All lines below must be repeated exactly, with the pictures omitted.
Provided material: Begin
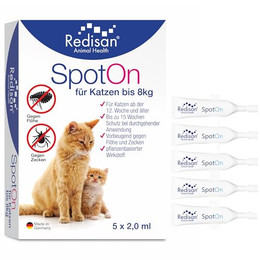 Produktbild von Redisan® Katzen Spot On Pflanzenbasiertes Zeckenmittel - 5 x 2 ml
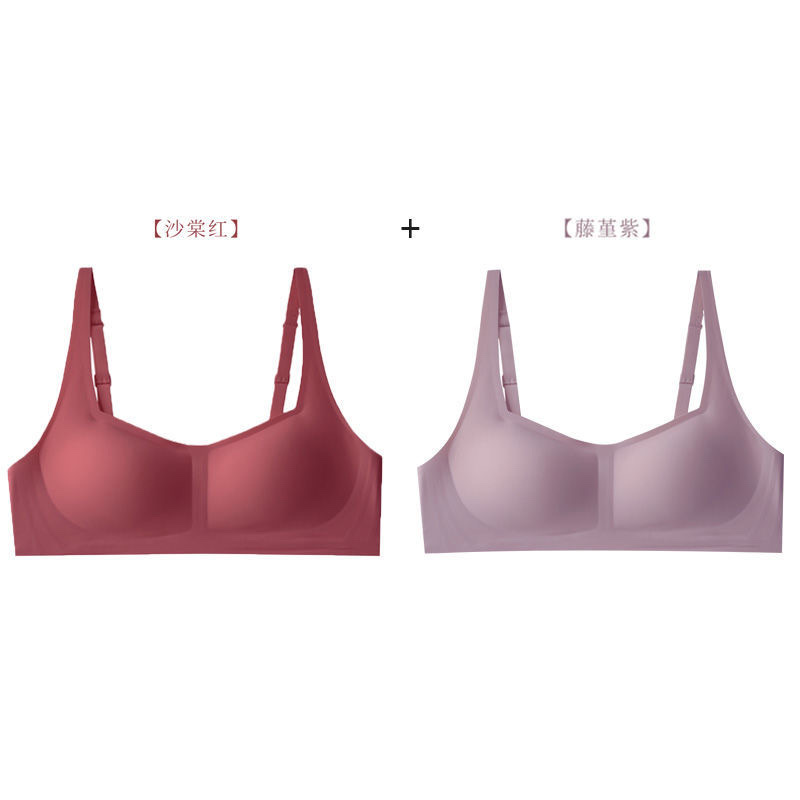 Cotton Underwear For High School Girls Korean Version No Underwire Ab Cup Bra Cover Small Thin Push-Up Anti-Sagging Summer 49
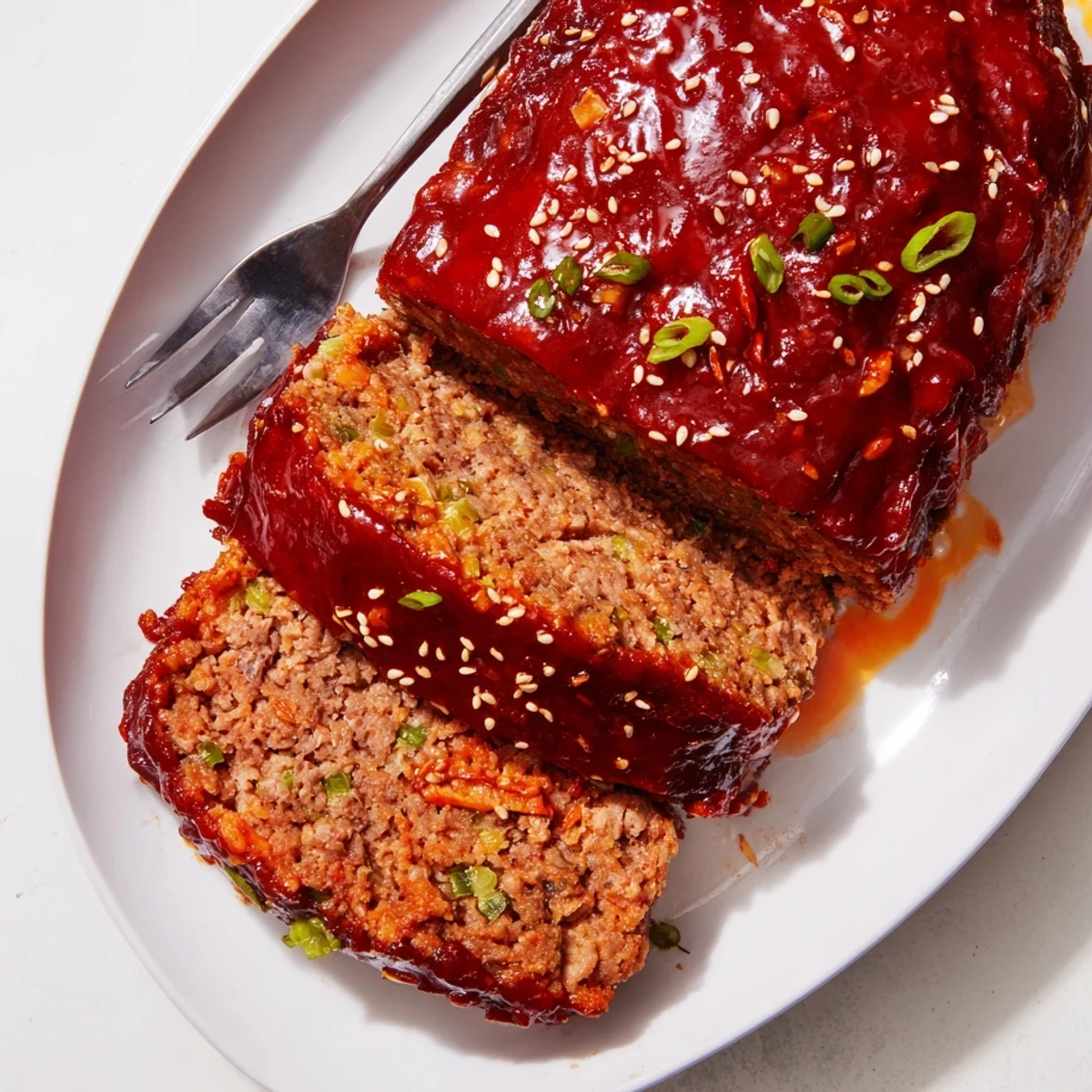 Sliced meatloaf brushed with spicy gochujang glaze on a white serving platter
Provided material: End
* [Problem solution]:
 Produktbild von Redisan® Katzen Spot On Pflanzenbasiertes Zeckenmittel - 5 x 2 ml
 Cotton Underwear For High School Girls Korean Version No Underwire Ab Cup Bra Cover Small Thin Push-Up Anti-Sagging Summer 49
 Sliced meatloaf brushed with spicy gochujang glaze on a white serving platter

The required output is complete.